Вместо ответа она покачала головой и отвернулась, закрыв лицо руками. Предполагая всевозможные несчастия, я осторожно обнял её за плечи. Конечно, в другой ситуации мой искренний порыв показался бы вольностью, но тогда всё вышло абсолютно естественно. Бедняжка Эва сначала стояла неподвижно, но затем, обернулась и прижавшись ко мне, словно ищущий защиты ребёнок, зашептала едва слышно:
– Случилось ужасное. Вы добрый, славный, но… Нет, я не могу...
Фрейлейн Ангальт замолчала, смутившись, как должно быть смущаются гимназистки перед старичком-доктором. Я настаивал. Убеждал довериться мне, находя всё новые доводы, но она опять покачала головой:
– Я верю вам, мой мальчик. Не верить, означало бы обидеть вас, – и видимо желая переменить тему, спросила. – Вилли, вы знали, что пояс Гертруды защёлкивается?
– Конечно, знал.
– А ключик?
– У меня в столе. Но, вы пытаетесь уйти от ответа…
– Видишь, ты сам виноват. Очень виноват!
Это «ты», да ещё произнесённое таким странным тоном…
– Эва, я...
Женщина не дала мне договорить.
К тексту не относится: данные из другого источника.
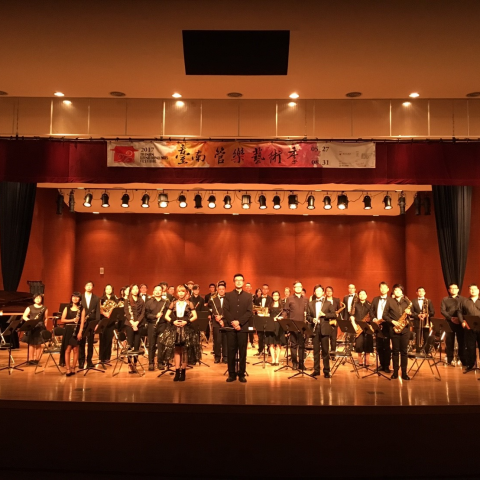 長笛首席郭老師 - 2017台南新化演藝廳隨基隆交響管樂團演出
Она распахнула пеньюар, показав, худые бёдра, перехваченную золотым обручем талию и узкую, уходящую от пряжки вниз, в мягкую густую тень, где неловко было задерживать взгляд, ажурную сверкающую полосу. Я непроизвольно попятился, но упёрся в кровать и с размаху сел на перину. Странно улыбаясь, Эва медленно приблизилась.
– А раз виноват… – она ласково коснулась пальцами моей щеки, виска, и вдруг, крепко ухватив за волосы на затылке, прижала лицом к узорной металлической сетке пояса. – …тебя надо наказать.
От её горячих ладоней, от чувственного аромата женского тела голова пошла кругом.
– Мальчик мой… Милый мальчик, я так тебе верю! – стонала романистка, не выпуская меня из цепких объятий. Она дышала всё чаще, животом и при каждом вдохе первый из ряда шипов обрамлявших узкую прорезь, снизу пояса, больно впивался мне в подбородок. Очки запотели и съехали набок. – О-ох, как я вер…
Этот бессвязный монолог прервал налетевший порыва ветра, с такой силой шарахнув ставнем о раму, что чуть не высадил её напрочь. Занавески взметнулись кверху, под потолком закружились листы рукописи… Ещё сквозь свежесть дождя мне померещился лёгкий флёр шафрана, но, возможно, лишь померещился, да и особо разбирать было некогда. Беллетристка кинулась к окну.